**What you are asked to do**
Your output should be the lines from the one that contains "Комплект журнальних столиків" to the end of the listing, transcribed exactly. Include nothing else.

**Records to use**
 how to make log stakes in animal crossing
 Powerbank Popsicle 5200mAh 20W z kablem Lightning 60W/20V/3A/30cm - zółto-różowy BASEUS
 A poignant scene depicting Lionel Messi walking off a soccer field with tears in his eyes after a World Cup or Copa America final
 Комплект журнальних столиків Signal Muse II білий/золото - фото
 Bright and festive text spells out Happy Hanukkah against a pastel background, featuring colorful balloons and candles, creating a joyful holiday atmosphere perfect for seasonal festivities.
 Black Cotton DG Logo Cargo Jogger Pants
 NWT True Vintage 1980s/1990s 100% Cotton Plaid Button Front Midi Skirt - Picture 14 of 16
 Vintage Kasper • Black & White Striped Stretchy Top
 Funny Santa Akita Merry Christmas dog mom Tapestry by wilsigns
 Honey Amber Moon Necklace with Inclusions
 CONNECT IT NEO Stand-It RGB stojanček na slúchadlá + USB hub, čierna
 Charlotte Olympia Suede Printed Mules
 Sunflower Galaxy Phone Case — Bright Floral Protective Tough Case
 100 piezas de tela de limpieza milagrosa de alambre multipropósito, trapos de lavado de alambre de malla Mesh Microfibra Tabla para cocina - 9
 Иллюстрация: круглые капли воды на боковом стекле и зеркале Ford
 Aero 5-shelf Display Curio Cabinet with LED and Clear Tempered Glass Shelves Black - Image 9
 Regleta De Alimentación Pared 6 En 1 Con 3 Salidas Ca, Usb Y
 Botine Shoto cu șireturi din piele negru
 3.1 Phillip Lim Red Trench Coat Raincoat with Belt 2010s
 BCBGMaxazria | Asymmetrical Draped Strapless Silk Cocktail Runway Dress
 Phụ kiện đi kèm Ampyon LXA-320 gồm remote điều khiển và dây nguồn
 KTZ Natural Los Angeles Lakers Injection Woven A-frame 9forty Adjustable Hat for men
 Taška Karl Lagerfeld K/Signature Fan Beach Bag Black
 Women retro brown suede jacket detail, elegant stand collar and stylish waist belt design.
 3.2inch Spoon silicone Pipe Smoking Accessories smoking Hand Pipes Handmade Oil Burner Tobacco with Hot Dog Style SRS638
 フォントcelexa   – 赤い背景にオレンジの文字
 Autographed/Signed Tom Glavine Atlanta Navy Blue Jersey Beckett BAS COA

**Exercise answer**
 Комплект журнальних столиків Signal Muse II білий/золото - фото
 Bright and festive text spells out Happy Hanukkah against a pastel background, featuring colorful balloons and candles, creating a joyful holiday atmosphere perfect for seasonal festivities.
 Black Cotton DG Logo Cargo Jogger Pants
 NWT True Vintage 1980s/1990s 100% Cotton Plaid Button Front Midi Skirt - Picture 14 of 16
 Vintage Kasper • Black & White Striped Stretchy Top
 Funny Santa Akita Merry Christmas dog mom Tapestry by wilsigns
 Honey Amber Moon Necklace with Inclusions
 CONNECT IT NEO Stand-It RGB stojanček na slúchadlá + USB hub, čierna
 Charlotte Olympia Suede Printed Mules
 Sunflower Galaxy Phone Case — Bright Floral Protective Tough Case
 100 piezas de tela de limpieza milagrosa de alambre multipropósito, trapos de lavado de alambre de malla Mesh Microfibra Tabla para cocina - 9
 Иллюстрация: круглые капли воды на боковом стекле и зеркале Ford
 Aero 5-shelf Display Curio Cabinet with LED and Clear Tempered Glass Shelves Black - Image 9
 Regleta De Alimentación Pared 6 En 1 Con 3 Salidas Ca, Usb Y
 Botine Shoto cu șireturi din piele negru
 3.1 Phillip Lim Red Trench Coat Raincoat with Belt 2010s
 BCBGMaxazria | Asymmetrical Draped Strapless Silk Cocktail Runway Dress
 Phụ kiện đi kèm Ampyon LXA-320 gồm remote điều khiển và dây nguồn
 KTZ Natural Los Angeles Lakers Injection Woven A-frame 9forty Adjustable Hat for men
 Taška Karl Lagerfeld K/Signature Fan Beach Bag Black
 Women retro brown suede jacket detail, elegant stand collar and stylish waist belt design.
 3.2inch Spoon silicone Pipe Smoking Accessories smoking Hand Pipes Handmade Oil Burner Tobacco with Hot Dog Style SRS638
 フォントcelexa   – 赤い背景にオレンジの文字
 Autographed/Signed Tom Glavine Atlanta Navy Blue Jersey Beckett BAS COA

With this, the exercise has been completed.